事故当時、万博協会は「(1区以外では)可燃性ガスの発生はない」とし、その後も「ガス発生の可能性は極めて低い」と繰り返してきました。本紙は、メイン会場の2区・3区を通る地下鉄工事でメタンガスが検知されていた事実を指摘。5月末、協会はようやく事実を認めました。「いのち輝く」を掲げながら、危険なガス発生の事実を隠してきた協会の姿勢が厳しく問われます。
アクセスが夢咲トンネルと夢舞大橋の二つしかない夢洲で大規模災害が起きた際の避難計画もいまだにありません。6月に「防災実施計画」が一部明らかになりましたが、津波や強風のなか「孤立が想定される15万人を船舶などで近隣の舞洲や咲州に避難させる」などに対し現実性に疑問の声があがっています。
高さ20メートルの大屋根リングは「落雷の危険性が高い」と指摘されます。夢洲では強い毒性を持つヒアリ550匹が発見されています。
チケットが売れないなか大阪府は学校行事として児童・生徒を万博に参加させる「無料招待事業」を進めていますが、教職員組合などから事業の中止を求める声が上がっています。
メディアからも「こんな場所でなぜやるのか」と疑問が出ています。夢洲を会場にしたのはカジノ建設のインフラ整備に公金を投入するためです。万博をカジノの隠れみのにしたことが矛盾を広げています。
■さらなる負担増も
さらなる負担増も明らかになっています。各国が独自に建設する海外パビリオンの遅れから、協会が「簡易型」を9棟整備したものの移行が進まず、日本側が最大76億円を負担することを協会が明らかにしました。

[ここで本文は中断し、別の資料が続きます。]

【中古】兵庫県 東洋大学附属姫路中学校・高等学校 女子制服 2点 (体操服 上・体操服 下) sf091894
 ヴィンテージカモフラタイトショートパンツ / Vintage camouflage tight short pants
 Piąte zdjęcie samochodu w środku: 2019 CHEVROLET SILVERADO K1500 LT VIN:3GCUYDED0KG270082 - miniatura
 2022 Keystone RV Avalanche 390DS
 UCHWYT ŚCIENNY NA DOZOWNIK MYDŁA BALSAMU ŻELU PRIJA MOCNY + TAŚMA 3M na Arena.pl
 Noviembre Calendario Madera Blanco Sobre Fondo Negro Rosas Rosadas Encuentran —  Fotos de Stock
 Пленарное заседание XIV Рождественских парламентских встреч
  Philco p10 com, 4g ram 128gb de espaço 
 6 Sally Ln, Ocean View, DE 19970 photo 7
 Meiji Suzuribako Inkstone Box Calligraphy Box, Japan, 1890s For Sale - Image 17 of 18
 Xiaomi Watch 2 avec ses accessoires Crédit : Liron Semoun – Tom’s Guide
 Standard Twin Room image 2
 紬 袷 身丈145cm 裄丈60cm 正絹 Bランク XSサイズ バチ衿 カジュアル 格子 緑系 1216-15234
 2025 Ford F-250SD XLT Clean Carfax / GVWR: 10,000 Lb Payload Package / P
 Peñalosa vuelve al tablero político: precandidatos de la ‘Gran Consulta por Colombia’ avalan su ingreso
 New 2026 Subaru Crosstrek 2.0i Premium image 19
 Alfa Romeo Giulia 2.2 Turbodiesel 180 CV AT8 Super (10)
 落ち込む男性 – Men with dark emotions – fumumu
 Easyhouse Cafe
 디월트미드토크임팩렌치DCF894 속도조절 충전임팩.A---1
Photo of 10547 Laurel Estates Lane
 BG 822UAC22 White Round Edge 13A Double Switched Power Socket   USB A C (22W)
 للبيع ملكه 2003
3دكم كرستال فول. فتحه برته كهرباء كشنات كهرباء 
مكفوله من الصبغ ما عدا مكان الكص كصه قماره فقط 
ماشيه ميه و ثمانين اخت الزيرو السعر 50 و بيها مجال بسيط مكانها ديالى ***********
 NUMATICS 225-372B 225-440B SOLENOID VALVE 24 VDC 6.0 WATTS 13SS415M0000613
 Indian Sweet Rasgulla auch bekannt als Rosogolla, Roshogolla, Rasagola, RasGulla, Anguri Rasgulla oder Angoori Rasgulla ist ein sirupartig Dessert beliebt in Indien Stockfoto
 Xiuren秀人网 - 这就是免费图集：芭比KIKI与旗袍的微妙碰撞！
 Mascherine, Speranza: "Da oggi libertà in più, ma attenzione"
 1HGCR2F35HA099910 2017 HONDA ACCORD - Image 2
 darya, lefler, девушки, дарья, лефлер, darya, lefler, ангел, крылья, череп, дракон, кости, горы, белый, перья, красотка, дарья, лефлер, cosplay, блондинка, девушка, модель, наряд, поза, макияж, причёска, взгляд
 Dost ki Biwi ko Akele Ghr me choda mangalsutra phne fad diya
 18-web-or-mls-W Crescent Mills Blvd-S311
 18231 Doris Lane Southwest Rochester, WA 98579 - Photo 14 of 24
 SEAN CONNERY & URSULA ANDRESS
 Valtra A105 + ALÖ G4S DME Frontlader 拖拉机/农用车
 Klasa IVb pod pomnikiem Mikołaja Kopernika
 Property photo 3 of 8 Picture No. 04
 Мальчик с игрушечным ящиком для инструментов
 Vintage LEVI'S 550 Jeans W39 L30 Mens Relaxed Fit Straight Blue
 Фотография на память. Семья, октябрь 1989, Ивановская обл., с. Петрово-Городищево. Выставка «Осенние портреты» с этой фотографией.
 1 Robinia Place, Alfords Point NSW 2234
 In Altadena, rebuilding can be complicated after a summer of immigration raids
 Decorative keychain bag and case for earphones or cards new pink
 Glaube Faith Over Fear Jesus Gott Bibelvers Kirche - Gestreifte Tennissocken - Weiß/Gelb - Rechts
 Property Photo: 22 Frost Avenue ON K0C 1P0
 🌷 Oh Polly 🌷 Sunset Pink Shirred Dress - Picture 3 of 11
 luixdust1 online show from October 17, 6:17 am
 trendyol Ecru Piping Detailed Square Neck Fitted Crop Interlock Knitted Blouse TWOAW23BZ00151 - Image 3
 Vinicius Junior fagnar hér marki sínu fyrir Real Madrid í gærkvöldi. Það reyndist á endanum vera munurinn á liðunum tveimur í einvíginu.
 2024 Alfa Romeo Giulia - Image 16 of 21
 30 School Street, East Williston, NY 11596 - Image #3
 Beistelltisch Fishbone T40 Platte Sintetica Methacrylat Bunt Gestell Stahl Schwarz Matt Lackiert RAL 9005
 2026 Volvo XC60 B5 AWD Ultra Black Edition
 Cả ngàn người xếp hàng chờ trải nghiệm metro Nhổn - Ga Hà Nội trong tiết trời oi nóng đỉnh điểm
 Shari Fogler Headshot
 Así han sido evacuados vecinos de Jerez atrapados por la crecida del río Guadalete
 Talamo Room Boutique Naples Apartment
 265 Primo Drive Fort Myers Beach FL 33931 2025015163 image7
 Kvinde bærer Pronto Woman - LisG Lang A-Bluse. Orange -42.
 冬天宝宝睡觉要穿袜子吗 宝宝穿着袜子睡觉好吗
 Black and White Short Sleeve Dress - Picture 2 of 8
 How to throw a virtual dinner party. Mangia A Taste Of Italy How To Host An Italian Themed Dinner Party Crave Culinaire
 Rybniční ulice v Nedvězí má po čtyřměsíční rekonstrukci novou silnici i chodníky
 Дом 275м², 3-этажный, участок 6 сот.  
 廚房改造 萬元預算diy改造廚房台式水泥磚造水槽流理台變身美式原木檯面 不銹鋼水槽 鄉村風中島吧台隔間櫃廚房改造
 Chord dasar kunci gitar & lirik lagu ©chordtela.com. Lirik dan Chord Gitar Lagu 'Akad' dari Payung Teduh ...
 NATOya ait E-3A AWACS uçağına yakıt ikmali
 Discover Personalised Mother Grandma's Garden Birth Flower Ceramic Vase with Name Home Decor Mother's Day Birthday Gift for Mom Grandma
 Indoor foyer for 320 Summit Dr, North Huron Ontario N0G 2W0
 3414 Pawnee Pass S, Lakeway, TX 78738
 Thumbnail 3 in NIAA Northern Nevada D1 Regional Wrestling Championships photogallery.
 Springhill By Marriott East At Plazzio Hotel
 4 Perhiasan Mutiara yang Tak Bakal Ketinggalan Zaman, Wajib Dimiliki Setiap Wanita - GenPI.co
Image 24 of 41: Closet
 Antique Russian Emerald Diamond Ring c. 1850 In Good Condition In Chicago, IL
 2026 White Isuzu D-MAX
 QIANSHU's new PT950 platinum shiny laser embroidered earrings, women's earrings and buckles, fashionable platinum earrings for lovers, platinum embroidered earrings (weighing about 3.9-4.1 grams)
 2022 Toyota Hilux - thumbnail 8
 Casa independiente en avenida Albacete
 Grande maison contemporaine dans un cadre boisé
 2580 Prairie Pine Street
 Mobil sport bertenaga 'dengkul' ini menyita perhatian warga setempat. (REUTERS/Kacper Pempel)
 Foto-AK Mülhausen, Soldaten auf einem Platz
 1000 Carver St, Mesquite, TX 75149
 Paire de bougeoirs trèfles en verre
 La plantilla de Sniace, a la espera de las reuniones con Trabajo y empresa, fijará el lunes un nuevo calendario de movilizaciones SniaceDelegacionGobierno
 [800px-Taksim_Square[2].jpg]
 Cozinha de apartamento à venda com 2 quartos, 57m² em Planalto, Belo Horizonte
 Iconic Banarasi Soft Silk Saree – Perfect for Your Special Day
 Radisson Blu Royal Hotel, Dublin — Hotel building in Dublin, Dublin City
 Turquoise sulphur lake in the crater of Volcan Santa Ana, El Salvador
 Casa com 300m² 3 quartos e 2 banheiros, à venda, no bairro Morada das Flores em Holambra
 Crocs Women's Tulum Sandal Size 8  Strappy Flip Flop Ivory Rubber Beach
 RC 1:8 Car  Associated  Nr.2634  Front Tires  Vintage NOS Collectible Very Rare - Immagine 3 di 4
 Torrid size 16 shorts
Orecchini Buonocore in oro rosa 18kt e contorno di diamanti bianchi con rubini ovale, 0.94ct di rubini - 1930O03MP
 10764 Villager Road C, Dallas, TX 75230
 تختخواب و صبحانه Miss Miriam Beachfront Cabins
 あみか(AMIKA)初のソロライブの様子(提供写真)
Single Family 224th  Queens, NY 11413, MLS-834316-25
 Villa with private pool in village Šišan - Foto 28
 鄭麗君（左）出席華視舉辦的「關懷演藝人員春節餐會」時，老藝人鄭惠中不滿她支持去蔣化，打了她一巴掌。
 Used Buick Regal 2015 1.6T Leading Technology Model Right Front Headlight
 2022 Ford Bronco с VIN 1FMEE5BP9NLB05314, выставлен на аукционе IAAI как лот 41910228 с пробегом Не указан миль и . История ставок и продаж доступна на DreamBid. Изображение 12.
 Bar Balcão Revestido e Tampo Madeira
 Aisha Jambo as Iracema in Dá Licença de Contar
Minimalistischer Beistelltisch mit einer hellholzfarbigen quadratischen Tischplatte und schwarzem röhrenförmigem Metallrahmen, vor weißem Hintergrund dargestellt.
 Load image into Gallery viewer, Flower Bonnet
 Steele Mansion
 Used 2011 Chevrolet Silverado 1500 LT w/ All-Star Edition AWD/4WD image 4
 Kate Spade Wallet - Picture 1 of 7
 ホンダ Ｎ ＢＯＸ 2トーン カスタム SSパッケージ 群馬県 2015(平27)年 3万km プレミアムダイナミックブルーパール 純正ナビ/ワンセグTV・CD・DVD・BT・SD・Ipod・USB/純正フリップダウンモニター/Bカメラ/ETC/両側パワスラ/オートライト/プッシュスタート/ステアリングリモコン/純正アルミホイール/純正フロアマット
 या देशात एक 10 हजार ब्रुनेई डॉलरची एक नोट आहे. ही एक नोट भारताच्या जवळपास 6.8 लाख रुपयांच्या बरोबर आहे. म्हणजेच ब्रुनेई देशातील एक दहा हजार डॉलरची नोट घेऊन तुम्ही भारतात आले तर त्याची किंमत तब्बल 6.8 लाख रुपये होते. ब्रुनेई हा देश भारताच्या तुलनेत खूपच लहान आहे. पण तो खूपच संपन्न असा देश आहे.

チケット売り上げで賄う運営費は当初見込みの1・4倍の1160億円に増加。赤字になればなし崩しで国民負担になる恐れがあります。電子チケットに加え紙チケット導入を決めたことで事務経費21億円が追加されるなど一歩進むたびに負担がかさむ様相です。
「万博を中止し予算を暮らしに」「能登の復興に」の声を大きく広げましょう。